"Robert E. Lee and Bill Ayers"

In today's Daily Review Atlas (DRA) print edition, Ira Smolensky has published his weekly column. Because the DRA does not publish its op-ed online, and because Smolensky's column touches on an issue which I have covered recently, I felt it necessary to post it myself. Please comment here, or contact Ira, either through the DRA or through Monmouth College.

It isn't often that bitter controversy comes to Monmouth, but come it has, in the person of Bill Ayers, who will speak tomorrow at the College auditorium.

The scheduled visit by Ayers, a former member of the Weather Underground, has aroused the ire of one of my fellow Review Atlas columnists to the tune of not one, not two, but three separate pieces bashing both Ayers and the college officials responsible for his visit.

According to my colleague at the newspaper, Ayers is nothing but terrorist scum on a par with Osama Bin-Laden, Joseph Stalin, Charles Manson, and Jack the Ripper, none of whom she thinks should be paid speakers at Monmouth College. (Of course, if we got Bin-Laden here, we could alert the FBI and finally put the old boy behind bars where he belongs. But that's another story.)

According to the college's publicity department, which seems to be keeping a low profile on the event, Ayers is merely a "noted scholar and activist."

The faculty members who arranged for Ayers' visit are more candid. They are on the record as being quite pleased to host a speaker with solid academic credentials (Ayers is a professor of education at University of Illinois) and so historically significant a personal background. They also think students will gain from hearing Ayers' account of how he came to flirt with violent revolution only to reject that path and become a productive member of society.

A number of Monmouth College students agree, and are looking forward to Ayers' talk, while others are planning to protest.

For my part, I didn't think very much of the Weather Underground. To me, they were spoiled brats who were playing at revolution. Probably, it's a matter of class. Members of the Weather Underground tended to come from privileged backgrounds. I was a working class kid whose dad fixed oil burners and came home every night covered in grime. He did that so I could go to college and have more choices in life than he did. Unfortunately, this seems to have dampened my zeal for violent revolution.

Still, I have no qualms about Ayers speaking at Monmouth College. To me, it's the equivalent of inviting Robert E. Lee to campus after the Civil War. Once vanquished, Lee accepted defeat and became a law-abiding citizen, much the same as Ayers. I would have loved to hear Lee speak about the war and why he chose to fight for the South. Likewise, I want to hear what Ayers has to say.

Of course, the two men are not identical. Lee was undeniably the better soldier of the two, and therefore, also much more destructive. Warren County lives were lost either directly or indirectly because of Lee.

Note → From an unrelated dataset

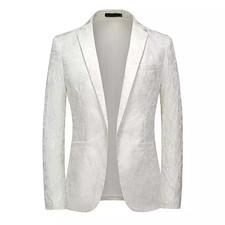 Men Fit Tuxedo Dress Jacket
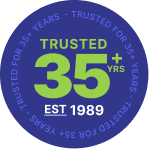 35 Years Emblem Logo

And Lee also ordered acts of terror, decreeing that escaped slaves caught fighting for the north be summarily executed.

Of course, Ayers lacked an army, so we don't know how destructive he might have been in other circumstances. Still, as a violent revolutionary, Ayers seems to have been shut out when it comes to the body count, which indicates that he remained something of a pacifist at heart.

When it comes to the morality of their causes, Ayers clearly gets the nod. Struggling against poverty, racial discrimination, and an unjust war(defending the Vietnam war to St. Augustine or St. Thomas Aquinas, the pioneers of just war theory, might get quite sticky) beats defending states' rights and slavery over human rights any day of the week.

Nevertheless, we chose to forgive Lee and heal the nation. Why is it that, for some people, Ayers is so much more difficult to forgive?